When many couples divorce, they expect their Parenting Plan to cover the time-sharing for their child until the child has graduated from high school. While that is possible, that might not be in the best interests of their child. Also, the day-to-day lives of the parents can change and, as a result, the terms of the Parenting Plan become unworkable. The following are six common post-divorce problems that can (and maybe should) effect time sharing.
- Remarriage – It is important to consider the impact that a parent’s new romantic relationship will have on the child. Each child will react differently in such a situation. The timing and frequency of these types of events can also have an impact on the child. It may be wise to consult with a mental health professional before (or during) making too many big changes too quickly.
- Job Loss – Often, unforeseen circumstances lead to one, or both, parents losing their job. Just as it would if the parents were still together, job loss has a big impact on the lives of both parents and the child. Due to the loss of income, a parent receiving child support may be able to have the other parent’s child support obligation increased. Similarly, a parent who pays child support can potentially have their child support obligation reduced due to their loss or reduction in income (while including unemployment or severance pay). Whether you think the child support should be increased or decreased, it is important to ask the court to make a change. Modifications are usually only retroactive to the date the parent asked to court to make the change – not the date they lost their job.
- Relocation – Obviously, moving the child far away from a parent who has been involved in the child’s life will impact that relationship and the child. The Florida Statutes require either court permission or the other party’s consent when a relocation of more than 50 miles is proposed. Please read more on what I have written about relocation.
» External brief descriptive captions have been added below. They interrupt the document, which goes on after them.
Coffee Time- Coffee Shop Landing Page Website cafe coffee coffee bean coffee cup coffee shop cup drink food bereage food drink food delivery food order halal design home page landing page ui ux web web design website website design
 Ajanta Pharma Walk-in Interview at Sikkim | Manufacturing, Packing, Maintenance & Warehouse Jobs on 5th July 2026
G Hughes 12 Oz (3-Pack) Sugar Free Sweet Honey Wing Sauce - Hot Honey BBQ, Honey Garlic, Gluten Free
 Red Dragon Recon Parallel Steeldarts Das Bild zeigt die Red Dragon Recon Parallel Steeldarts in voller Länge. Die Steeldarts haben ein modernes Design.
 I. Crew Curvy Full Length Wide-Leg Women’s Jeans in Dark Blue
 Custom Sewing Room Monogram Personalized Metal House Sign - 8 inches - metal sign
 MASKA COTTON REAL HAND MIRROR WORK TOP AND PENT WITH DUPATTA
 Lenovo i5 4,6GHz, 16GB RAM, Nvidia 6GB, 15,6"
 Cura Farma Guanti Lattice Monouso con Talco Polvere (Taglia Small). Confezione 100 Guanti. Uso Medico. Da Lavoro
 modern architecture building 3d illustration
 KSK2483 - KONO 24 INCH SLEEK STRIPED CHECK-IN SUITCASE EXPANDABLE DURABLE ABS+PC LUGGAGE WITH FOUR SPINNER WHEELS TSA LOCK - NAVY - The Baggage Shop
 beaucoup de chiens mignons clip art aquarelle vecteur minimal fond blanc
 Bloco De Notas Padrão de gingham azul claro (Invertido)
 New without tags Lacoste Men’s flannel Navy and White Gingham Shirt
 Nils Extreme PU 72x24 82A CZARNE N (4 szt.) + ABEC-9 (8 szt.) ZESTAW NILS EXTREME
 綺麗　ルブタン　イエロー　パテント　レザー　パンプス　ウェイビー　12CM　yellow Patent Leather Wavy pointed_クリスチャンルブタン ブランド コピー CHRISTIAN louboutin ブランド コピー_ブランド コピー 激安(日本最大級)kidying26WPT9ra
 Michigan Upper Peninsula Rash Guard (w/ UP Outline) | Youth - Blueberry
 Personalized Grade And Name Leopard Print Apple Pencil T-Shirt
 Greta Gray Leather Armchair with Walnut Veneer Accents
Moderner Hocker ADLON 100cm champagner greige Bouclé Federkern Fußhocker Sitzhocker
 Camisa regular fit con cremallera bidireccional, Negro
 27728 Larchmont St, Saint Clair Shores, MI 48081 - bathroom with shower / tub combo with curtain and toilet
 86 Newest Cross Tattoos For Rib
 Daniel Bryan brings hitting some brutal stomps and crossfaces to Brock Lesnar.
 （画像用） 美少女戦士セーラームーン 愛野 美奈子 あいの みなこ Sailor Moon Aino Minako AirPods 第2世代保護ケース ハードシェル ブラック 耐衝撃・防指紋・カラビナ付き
- Changing Needs of the Child – A child’s needs change as they get older. What might have worked great for a 2-year-old child might not meet the needs of a 12 or 17-year-old child. It’s common for one parent to be the primary caregiver for a small child. A 50/50 time-sharing arrangement might not work well for a 2-3 year old child. However, such a schedule might be better for a teenager. Perhaps a child could benefit from an amended schedule due to academic reasons or involvement in extracurricular activities. It is also important to note than a change in the time-sharing schedule may involve a change in the child support amount since the number of nights that each parent spends with the child is a factor in the child support calculation.